Write out each entry below exactly; the images do not belong in your copy.

Top of Data supplied

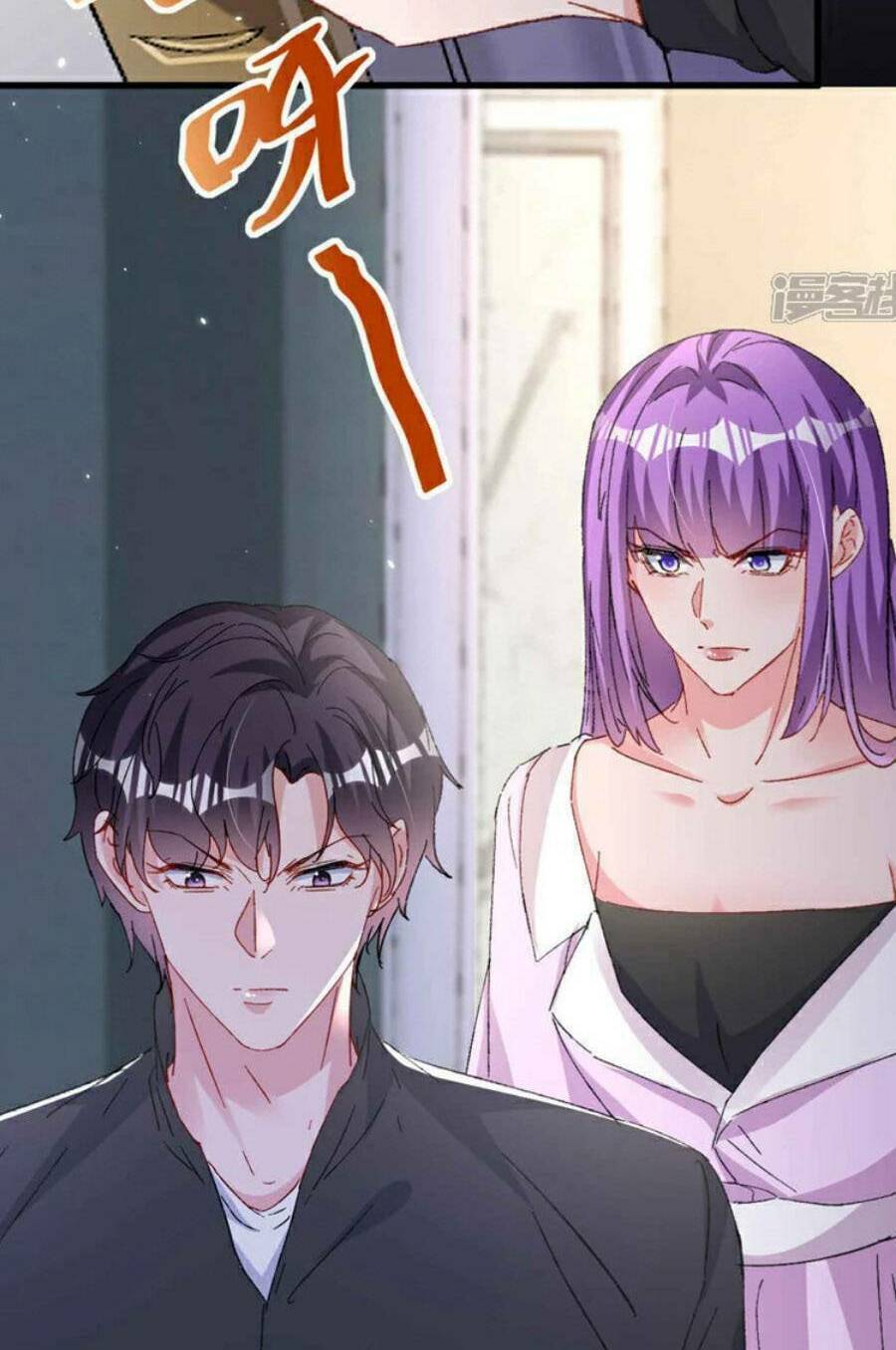 Hôm Nay Từ Chối Lục Tiên Sinh Chưa?: Chapter 191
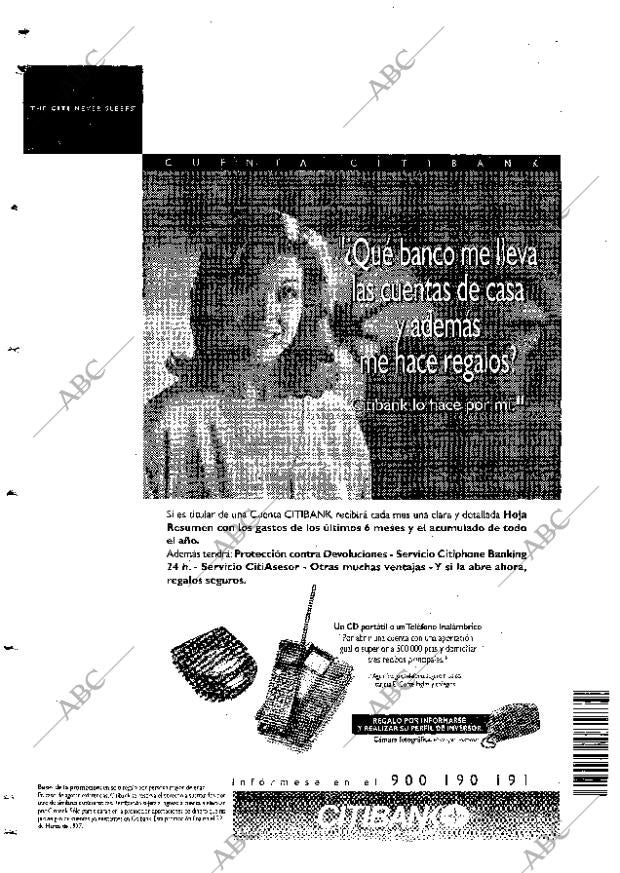 ABC SEVILLA 17-02-1997 página 112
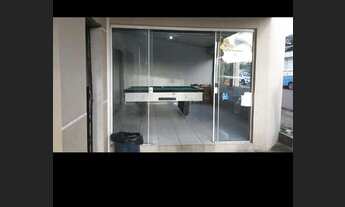 Imagem 3: Vendo sobrado em fase de acabamento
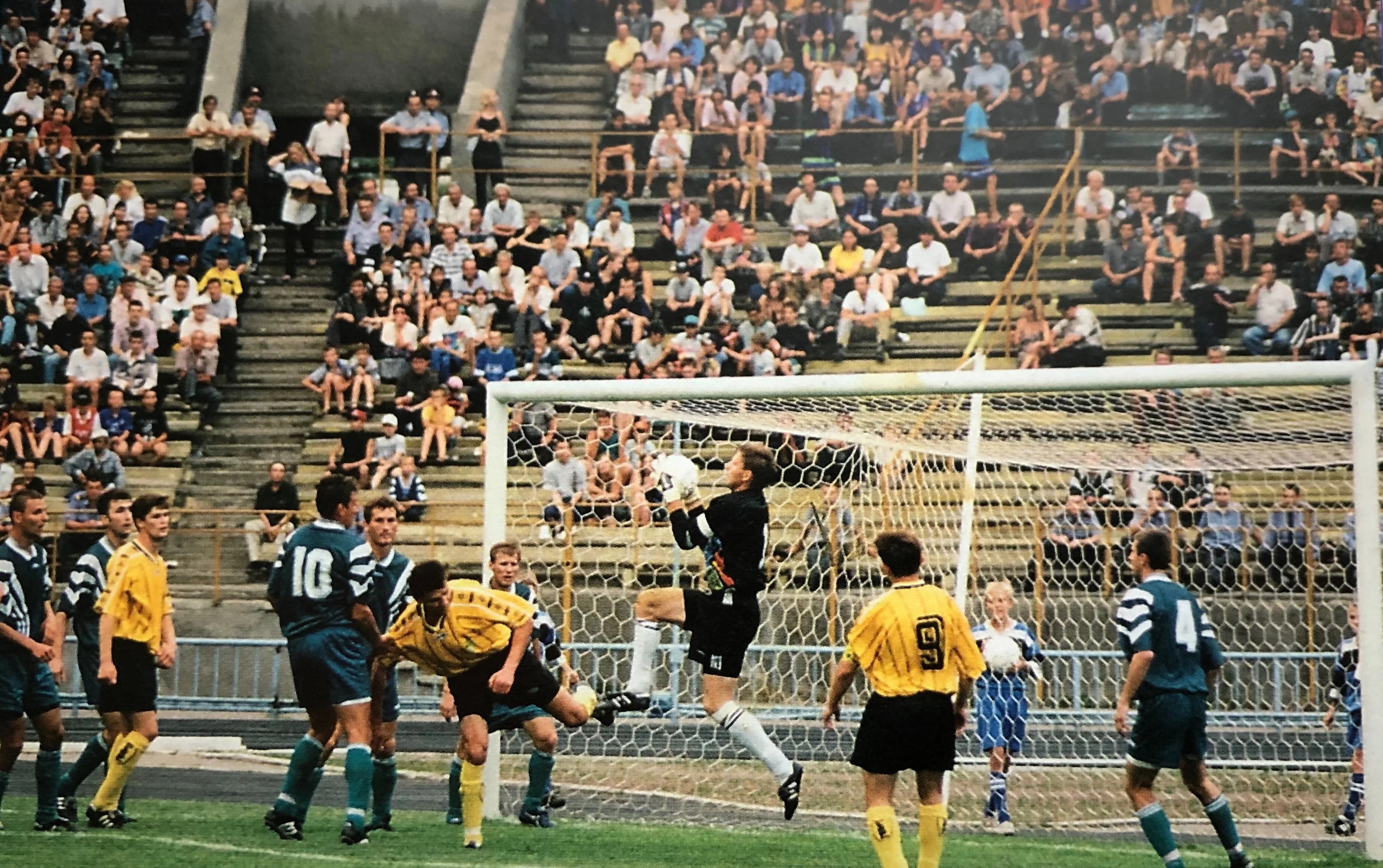 металіст карпати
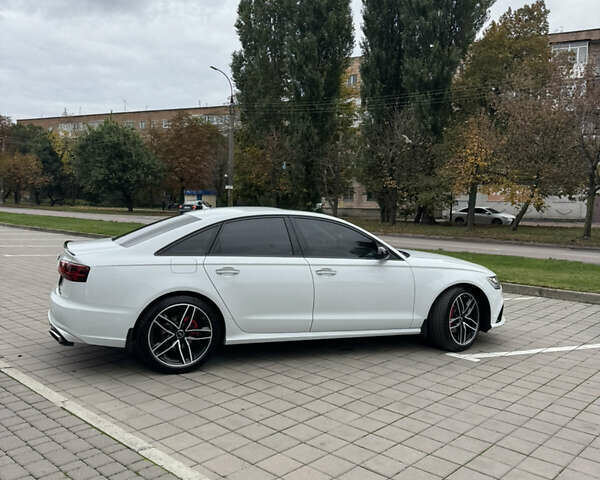 Ауді А6, об'ємом двигуна 1.97 л та пробігом 63 тис. км за 28000 $, фото 5 на Automoto.ua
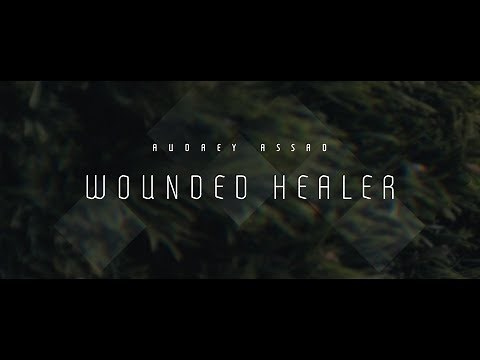 "Wounded Healer" by Audrey Assad - Lyric Video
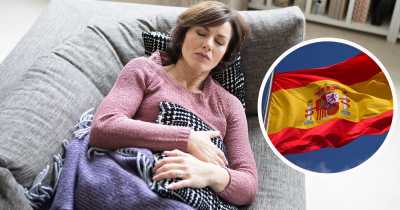 Spain Becomes First European Country To Offer Menstrual Leave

Bottom of Data supplied

* Output of the exercise *
 Hôm Nay Từ Chối Lục Tiên Sinh Chưa?: Chapter 191
 ABC SEVILLA 17-02-1997 página 112
 Imagem 3: Vendo sobrado em fase de acabamento
 металіст карпати
 Ауді А6, об'ємом двигуна 1.97 л та пробігом 63 тис. км за 28000 $, фото 5 на Automoto.ua
 "Wounded Healer" by Audrey Assad - Lyric Video
 Spain Becomes First European Country To Offer Menstrual Leave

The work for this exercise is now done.